I got my sea legs but I don't know when I will get my sea deck. ;D


----------



## eric__the_angler (Dec 18, 2006)

thanks, I'll check it out


----------



## eric__the_angler (Dec 18, 2006)

Cptn Ron where's your shop? I'd rather spend my money with you guys


----------



## Guest (Dec 1, 2007)

> Cptn Ron where's your shop?
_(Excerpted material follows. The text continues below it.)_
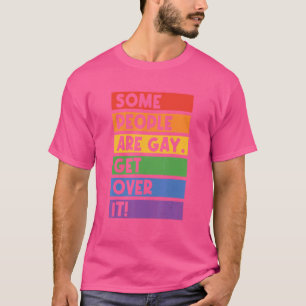 Camiseta Algumas Pessoas São Gays Supere Isso Arco-íris Bis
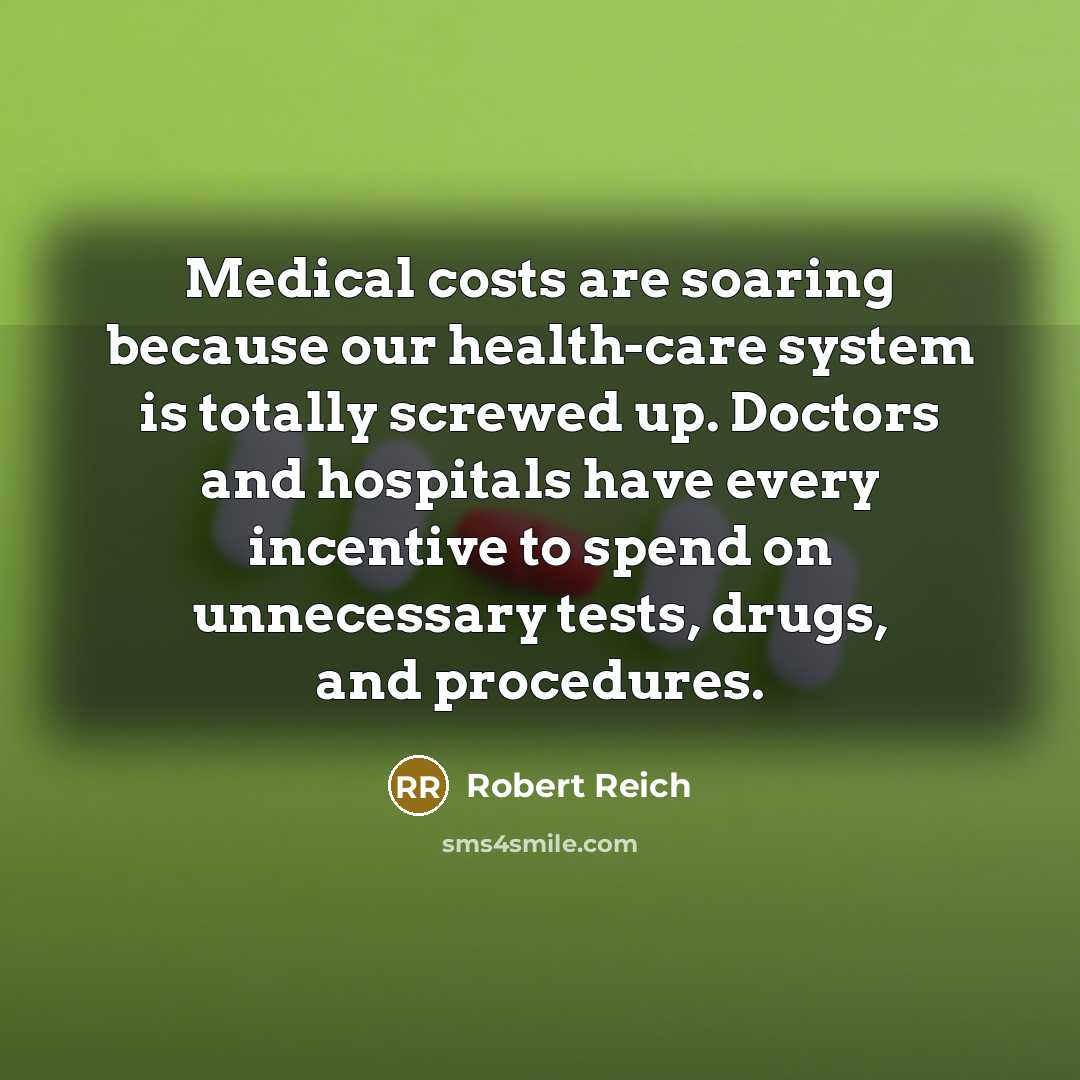 “Medical costs are soaring because our health-care system is totally…” quote by Robert Reich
I'd rather spend my money with you guys


I'm currently in Odessa but moving to Port Richey - started tonight.


----------



## eric__the_angler (Dec 18, 2006)

I am in port orange, usually, but travel to and have relatives in the tampa area, does it sound like something you could fix while I wait or what?


----------



## Guest (Dec 1, 2007)

> I am in port orange, usually, but travel to and have relatives in the tampa area, does it sound like something you could fix while I wait or what?



What are we fixing?


----------



## eric__the_angler (Dec 18, 2006)

looks like port richie is 6 mi. closer but less interstate travel


----------



## eric__the_angler (Dec 18, 2006)

sorry sent you a pm with the details its a stiffy extreme


----------



## Guest (Dec 1, 2007)

> sorry sent you a pm with the details its a stiffy extreme


OK, sorry, I can multi-task but get confused when switching between PM's and threads. :-[ Just don't pick on the old man.


----------



## eric__the_angler (Dec 18, 2006)

would not pick on the elders on respect did you see the details?


----------



## eric__the_angler (Dec 18, 2006)

and does a reply show up automatically or do you have to refresh every minute?


----------



## Guest (Dec 1, 2007)

> and does a reply show up automatically or do you have to refresh every minute?


I refresh. I'm very active lately.


----------



## eric__the_angler (Dec 18, 2006)

I am getting a 5 minute delay, did you see the details in the pm i sent ya?


----------



## Guest (Dec 1, 2007)

> I am getting a 5 minute delay, did you see the details in the pm i sent ya?


Yep. Read and I'll try to get back w/you tomorrow. Still have welding to do and need some sleep. 4:30 is getting close.


----------



## eric__the_angler (Dec 18, 2006)

understandable have a good one


----------